Javaを学習中の方のために、当記事では「abstract」、「抽象クラス」「抽象メソッド」の意味や使い方についてご紹介します。

abstractとは?

Javaでいうabstractとは「抽象クラス」を表す修飾子です。修飾子とはfinalやpublic、privateなどのことを指します。
そして「abstract」とは、「抽象的な、あいまいな」という意味を持っています。
Javaでは、「abstract」修飾子のついたクラスやメソッドを、「抽象クラス」、「抽象メソッド」と呼びます。

抽象クラス/抽象メソッドとは

まず、抽象メソッドとは、「処理内容が確定していないメソッド」のことを指します。
通常、メソッドは

public void method(){
    System.out.println("hogehoge");
} 

このように記述するのが普通ですが、抽象メソッドでは

abstract void method();

このように記述します。
注目すべきは、通常のメソッドでは処理を書くための「{}(波かっこ)」を書かず、記述を終了している点です。
抽象メソッドは、具体的な処理内容を持たないメソッドなので、「{}」を書く必要がないので、このような記述の仕方となっています。
そして、「抽象クラス」とは、「抽象メソッドを内包するクラス」のことを指します。
1つでもabstractのついたメソッドがあると、クラス名のほうにもabstrac修飾子を付けなければいけません。

抽象クラス/抽象メソッドについてより詳しく

抽象クラスは継承されることが前提のクラス、抽象メソッドはオーバーライドされることが前提のメソッドです。「オーバーライド」とはメソッドなどを再定義することを指します。
継承先でオーバーライドされていないとエラーとなってしまいますので、オーバーライドを強制することができます。
また、抽象クラスはインスタンス化することができません。
処理内容が未確定なクラスをインスタンス化できてしまうと、不具合を含んだプログラムができてしまう恐れがあるからです。

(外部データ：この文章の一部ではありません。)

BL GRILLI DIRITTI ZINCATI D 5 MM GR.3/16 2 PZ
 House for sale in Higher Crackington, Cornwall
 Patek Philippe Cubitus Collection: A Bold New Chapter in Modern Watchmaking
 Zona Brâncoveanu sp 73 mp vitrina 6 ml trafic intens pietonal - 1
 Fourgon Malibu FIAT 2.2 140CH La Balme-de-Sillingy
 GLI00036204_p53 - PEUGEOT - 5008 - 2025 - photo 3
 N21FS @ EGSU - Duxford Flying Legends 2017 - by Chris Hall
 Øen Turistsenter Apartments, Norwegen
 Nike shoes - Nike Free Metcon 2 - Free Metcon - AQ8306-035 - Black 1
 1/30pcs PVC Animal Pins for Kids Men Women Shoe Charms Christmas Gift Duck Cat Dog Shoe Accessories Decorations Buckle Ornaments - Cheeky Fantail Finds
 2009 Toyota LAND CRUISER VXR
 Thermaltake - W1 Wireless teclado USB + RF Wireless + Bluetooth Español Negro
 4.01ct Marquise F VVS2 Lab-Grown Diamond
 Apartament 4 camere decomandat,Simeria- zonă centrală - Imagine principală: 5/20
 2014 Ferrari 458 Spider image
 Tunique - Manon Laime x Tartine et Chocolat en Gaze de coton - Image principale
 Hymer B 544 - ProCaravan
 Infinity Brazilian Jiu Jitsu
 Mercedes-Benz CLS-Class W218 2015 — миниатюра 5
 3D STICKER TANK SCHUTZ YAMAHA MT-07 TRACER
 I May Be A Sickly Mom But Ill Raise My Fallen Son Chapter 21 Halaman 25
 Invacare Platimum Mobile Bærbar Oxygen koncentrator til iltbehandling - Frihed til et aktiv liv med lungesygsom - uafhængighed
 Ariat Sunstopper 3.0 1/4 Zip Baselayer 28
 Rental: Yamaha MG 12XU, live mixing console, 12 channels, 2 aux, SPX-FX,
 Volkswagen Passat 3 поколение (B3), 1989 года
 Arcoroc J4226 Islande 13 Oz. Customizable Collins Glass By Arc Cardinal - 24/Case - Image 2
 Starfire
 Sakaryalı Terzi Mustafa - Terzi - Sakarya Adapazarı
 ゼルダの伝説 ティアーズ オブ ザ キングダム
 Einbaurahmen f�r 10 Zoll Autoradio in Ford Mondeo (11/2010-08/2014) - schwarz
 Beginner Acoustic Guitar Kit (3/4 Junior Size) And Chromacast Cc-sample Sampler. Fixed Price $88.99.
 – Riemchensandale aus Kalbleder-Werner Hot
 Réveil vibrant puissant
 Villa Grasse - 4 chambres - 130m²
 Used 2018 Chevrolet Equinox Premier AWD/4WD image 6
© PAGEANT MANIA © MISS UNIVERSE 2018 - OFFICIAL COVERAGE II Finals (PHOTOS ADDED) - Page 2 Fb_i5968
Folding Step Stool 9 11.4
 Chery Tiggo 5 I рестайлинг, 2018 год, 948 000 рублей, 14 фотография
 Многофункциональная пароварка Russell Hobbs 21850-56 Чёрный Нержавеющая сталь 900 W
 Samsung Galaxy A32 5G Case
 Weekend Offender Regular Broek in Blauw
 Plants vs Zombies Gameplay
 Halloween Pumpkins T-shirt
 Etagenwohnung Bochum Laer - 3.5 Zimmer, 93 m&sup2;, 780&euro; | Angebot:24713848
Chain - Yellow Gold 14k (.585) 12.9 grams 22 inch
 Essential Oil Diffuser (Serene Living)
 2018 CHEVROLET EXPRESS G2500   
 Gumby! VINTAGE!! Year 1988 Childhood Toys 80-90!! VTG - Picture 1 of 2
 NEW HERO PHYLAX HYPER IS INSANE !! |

また、インスタンス化できないということは、コンストラクタも定義することはできません。
コンストラクタを使用する際は、継承先で定義するようにしましょう。

実際の記述

抽象クラスを定義し、継承する際のコードを見てみましょう。

abstract class TestA{
    abstract void sample();
}

抽象クラスができました。これを継承します。

public class TestB extends TestA{
    void sample(){
    System.out.println("オーバーライドしました");
    }
}

継承先で、sampleメソッドをオーバーライドしました。
ここでオーバーライドしていないとエラーとなってしまいますので注意しましょう。

抽象クラスを使うメリット

なんのためにわざわざabstractをつけて処理内容を記述していないメソッドを用意し、それを継承するのか、という疑問は当然かと思います。
実際に抽象クラスを使う利点は、個人でのプログラム開発ではあまり実感できません。
抽象クラスはチームでプログラムを開発する時に必要な知識です。

例えば、開発時、とあるクラスに最低限つけてほしい機能があったとします。
その最低限つけてほしいクラスが本当にすべて実装されているかどうか、といった確認はどのように行うでしょうか?
目視で確認していってもかまいませんが、人のやることですので必ず見落としがありますし、効率も非常に悪いです。
先ほど、「抽象メソッドは継承先でオーバーライドされていないとエラーとなる」と書きましたが、これはつまり「最低限つけてほしい機能を実装していないとエラーになる」と置き換えることができます。
abstractで「最低限つけてほしい機能」を親クラスに定義しておき、それらを継承させることで、継承先にはすべて最低限つけてほしい機能が実装されます。
これがabstractで抽象クラスを定義するメリットです。
抽象クラスを利用することで、開発に一定のルールを設定できるようになることが最大のメリットと言えるでしょう。

Java初心者の方には抽象クラスを使うメリットが少し理解しづらいかもしれませんが、abstractを記述する際のルールは覚えておきましょう。
以下に再度ポイントをまとめておきます。

  • 抽象クラスをインスタンス化することはできない
  • 抽象クラスは継承して使用する
  • 抽象メソッドは継承先で必ずオーバーライドする
  • コンストラクタは子クラスで定義する

最後に

以上が、Javaにおける「abstract」、「抽象クラス」「抽象メソッド」などについての解説となります。
抽象クラスなどについては、Java初心者の方には少しイメージしづらく難解なポイントだとは思いますが、オブジェクト指向を理解するうえでは避けては通れない部分ですので、しっかりと学習していきましょう。